Bülent, Antalyaspor Hocası, Bülent Korkmaz.. Rıza da, Konyaspor'un.. Rıza Çalımbay..
İkisi de geçen hafta kalplerindeki takımlarla karşı karşıya geldiler. İkisinde de gönülleri, profesyonelliklerini bastırdı.
Bülent, çok rahat kazanabileceği maçı, bir de kaybetti. Rıza, Şenol'un da yardımıyla hiç değilse yenilmedi.
Şimdi bakın.. Antalyaspor, hem de kendi sahasında ve kendi çılgın seyircisi önünde Galatasaray'la oynuyor. Kazanırsa, haftayı lider bitirecek. Antalyaspor süper ligin lideri olacak yani..
Hangi ama hangi hoca, bu maçı tek puan için oynar?. Hangi hoca, kapanır, çekilir, durmadan vakti ve futbolu öldürür?.
Galatasaray bu maçla şampiyon olsaydı mesela, sanırım Bülent'in antrenörlük kariyeri biterdi.
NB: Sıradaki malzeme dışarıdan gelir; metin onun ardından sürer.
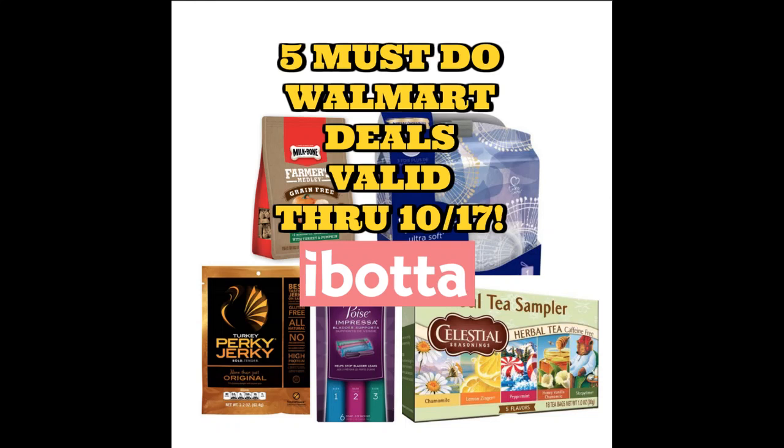Hey everyone, check out these five must-do Walmart deals that are all valid through October 17th — some are actually valid after October 17th. These are some Ibotta deals, so if you're on my Ibotta team, I wanted to bring a video to help get you guys some savings on Ibotta and to get those account amounts growing and ready for the holidays. So let's go ahead and check out these five must-do deals at Walmart.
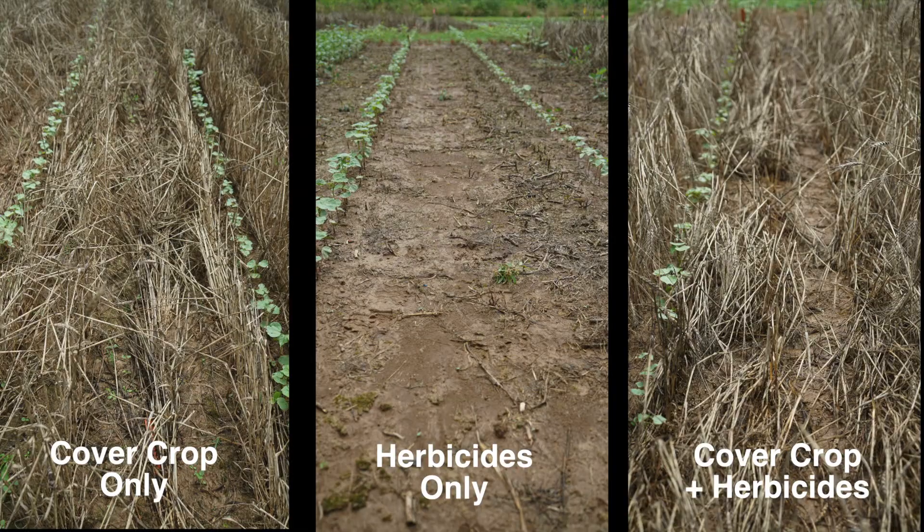What we're trying to figure out with this research is taking those weed control methods we're using in conventional cotton systems, integrating those into where we use a cover crop, and then with this cover being on the ground, maybe we can cut out some of those later applications of Xtendimax and Roundup, therefore making it cheaper for growers.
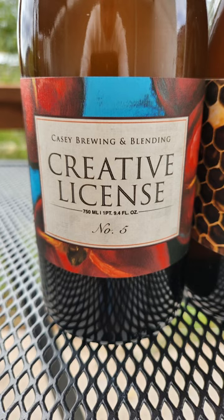First up, we've got Creative License number five. This is a nectarine preserves level fruiting that has some threads woven into it that come from a previous collaboration that you're going to want to hear about.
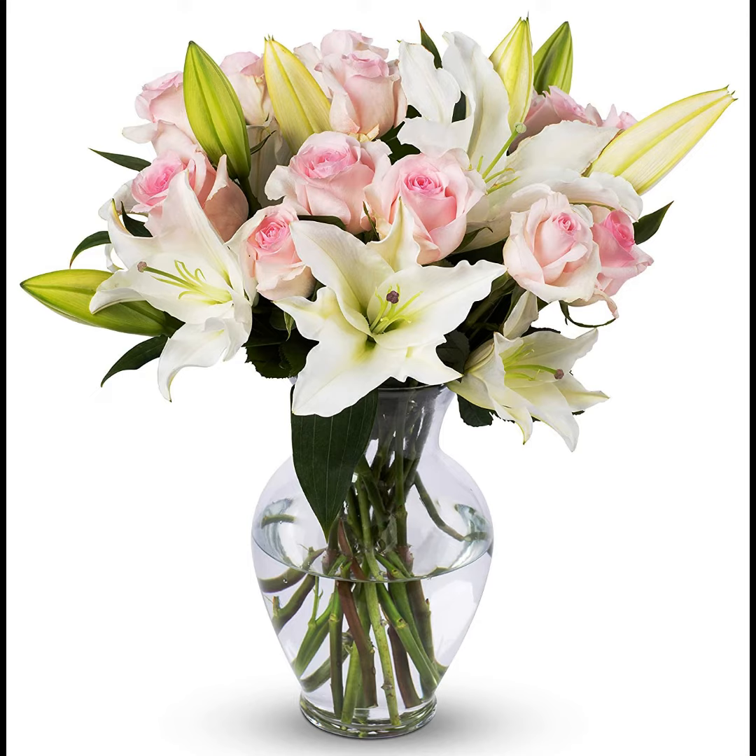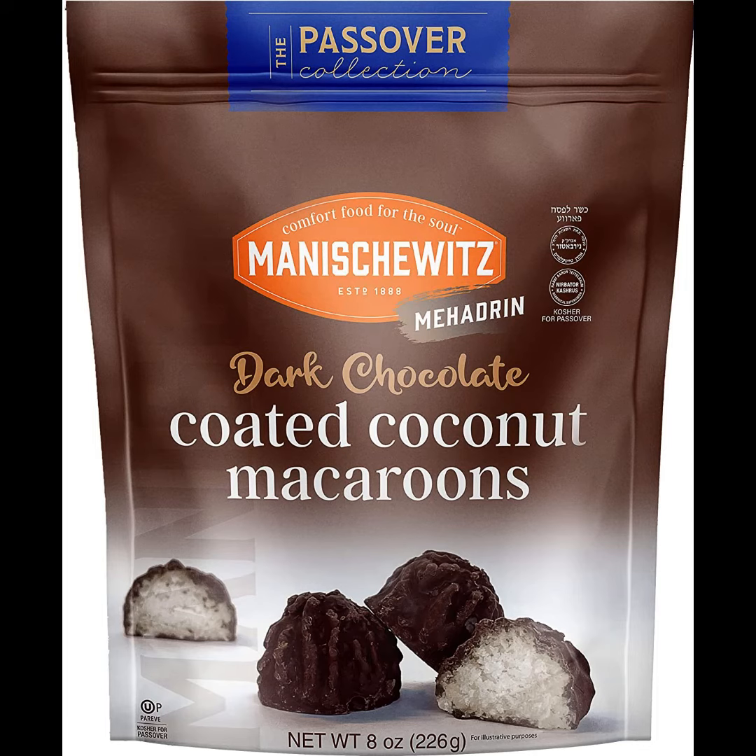These flowers will bloom in about two to three days after delivery. Households are busy during the Passover holiday, so don't bring flowers and forget the vase — why not just order flowers in a vase to make life a little easier.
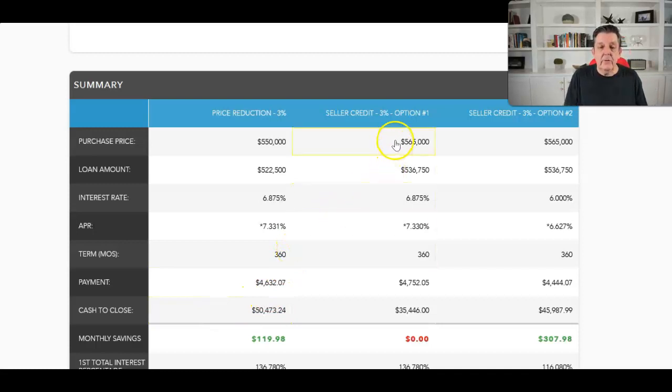If we had a $565,000 price and a $15,000 price concession, we get the house for $550,000. Putting 5% down, the payment is $4,632 and out-of-pocket is $54,730. In the same situation but taking the $15,000 towards closing costs, giving full price, the payment is $119 higher but the out-of-pocket drops to $35,446.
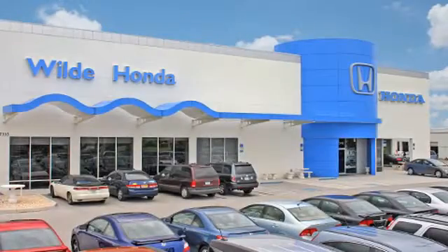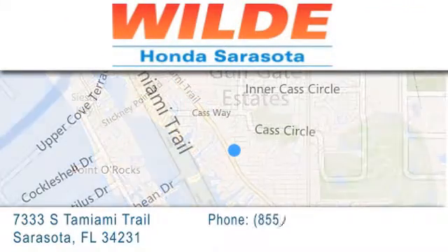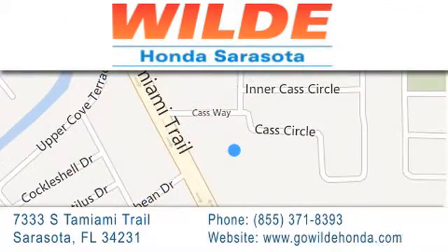Wild Honda is located at 7333 South Tamiami Trail in Sarasota. Also shop GoWildHonda.com. It's got to be wild.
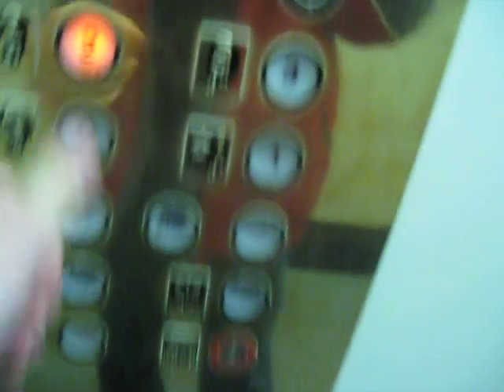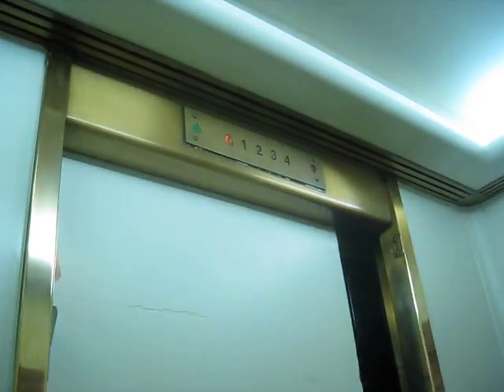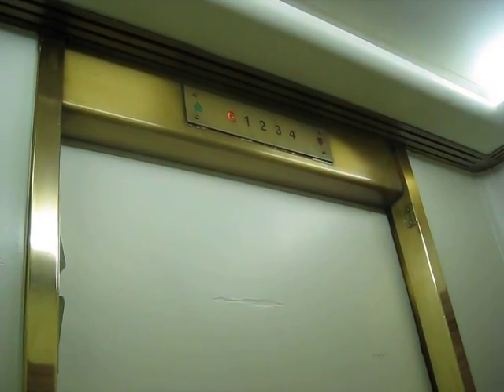Here is one. Four, three, two. It's a traction elevator also. Otis? Otis.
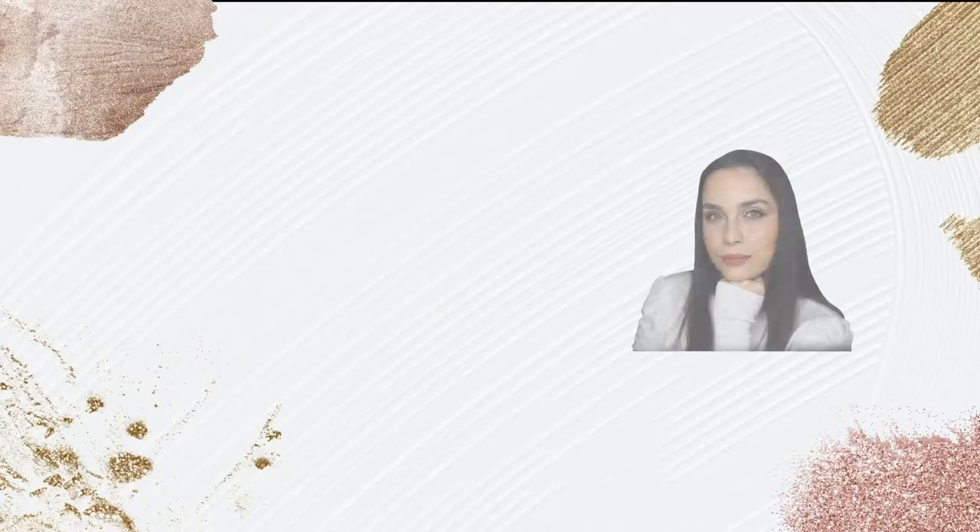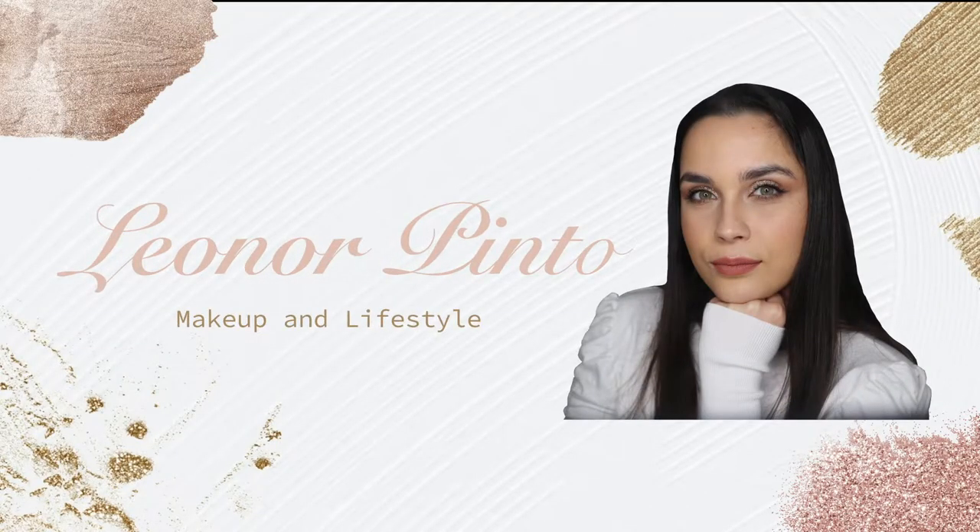Hello everyone and welcome to my channel. In today's video I'm going to be doing a makeup and talk, a get ready with me, something to share with you everything that's been going on. For the people who don't know me, my name is Leonore. I'm a makeup artist, a makeup lover and a makeup enthusiast, and here in my channel you can always find videos about makeup.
Çünkü kimseye anlatamazdı, bu maçın temiz olduğunu..
"Korkmaz" soyadını tüm futbol yaşamına altın çivilerle çakan, çok da sevdiğim Bülent'i sadece sosyal değil, tüm medya yıkardı..
Öylesine anlamsız, öylesine amaçsız, öylesine "Korkak" oynadı Antalya!.
Bülent'in maçı nasıl hediye ettiğine dair tek kelime yazmayan Türk spor medyası (Hatta "Yenildi ama iyi mücadele etti" diyenler bile vardı), Galatasaray'ın bu ikram 3 puanı için Fatih Terim Hocama efsaneler yazdılar, iyi mi?.
Satranç gibi oynamış maçı da.. Dahiyane kararlar almış da..
Hocamın kendisi de maçtan sonra "Böyle oynasınlar yenilsinler.. Öyle hırslıydılar ki" dedi.. Buyrun bakalım..
Fatih Hocam, o dediğin laf Porto için geçerliydi. Antalya önünde "Hırs"ın "H"si, "Futbol"un "F"si yoktu.
Hırslı oyuncuları kenarda bırakıp, ruhsuz, egoist, kendilerine oynayan "Paralı askerler"le oynadığın sürece de olmaz..
O rezil Belhanda inadını anlamam mümkün değil.. Bu her maç saçma sapan oynayan, her maç gezinen ve her maç hiçbir işe yaramayan adamda hangi cevher var da, başta benim gibi bir futbol gerzeği, milyonlar anlamıyor da, sen onu hala ısrarla, inatla, maç kaybetme pahasına kazanmaya uğraşıyorsun?. Neyi kanıtlamaya çalışıyorsun Hocam?. Neyi ve Kime?.
Anlat.. Ben dangalağın tekiyim ama, öğrenmeye meraklıyım.. Bu vazgeçemediğin, Gomis'i üç otuz paraya satarken, elde tutmak için başkanla türlü çeşitli cambazlık yaptığınız Belhanda ve Feghouli'de ne var?. Samimi olarak öğrenmek istiyorum..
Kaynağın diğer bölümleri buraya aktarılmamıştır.